It’s a bit early to predict, but the Saskatchewan Public Safety Agency is expecting a normal to above normal wildfire season.
Spokesperson, Chris Clemett, says there are many factors to consider including how dry the land is, and the amount of heat and wind.
Right now the highest risk would be areas in south which weren’t affected by the spring storms, where it is very dry. Clemett says the risk will continue until it greens up.
About 50 per cent of wildfires are caused by lightning and the other half are human-caused, but at this time of year there is no lightning, so any wildfires or grass fires would be human-caused.
He urges everyone to “fire smart” your home and property.

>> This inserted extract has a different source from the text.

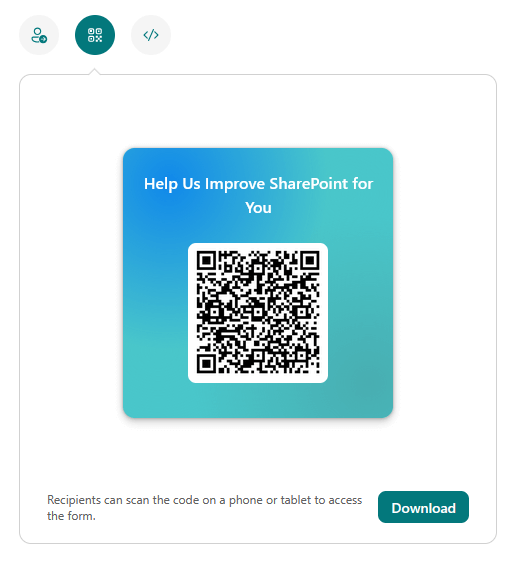 The QR code sharing screen in Microsoft Forms with a generated code and download button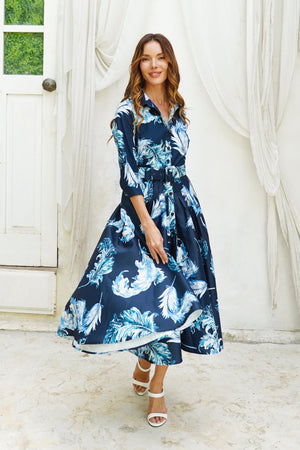 Amber Dress Shirt Collar 3/4 Sleeve Midi Length Silk Taffta (Feather Lightness Small Pastel)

That includes pruning your trees and branches and keeping your yard free of debris.
There is one active wildfire in Saskatchewan right now, with 13 to date, as compared to the five-year average of 39.
If you are considering a controlled burn on your land, the SPSA’s Manager of Intelligence and Situational Awareness, suggests knowing the conditions of your land, the weather forecast and whether or not there is a fire ban in your area.
Jeanette Krayetski also urges land owners and Rural Municipalities to call the controlled burn line.
Otherwise, Krayetski notes that if others notice the smoke, someone could call the fire department, and if they respond and there is no emergency, most will charge the land owner a fee.
If you live within 4.5 kilometres of a provincial forest though, notifying the SPSA is not voluntary.
April through October, a Burn Notification Number is required in a provincial forest, on provincial park land or any quarter section within 4.5 kilometres of a provincial forest.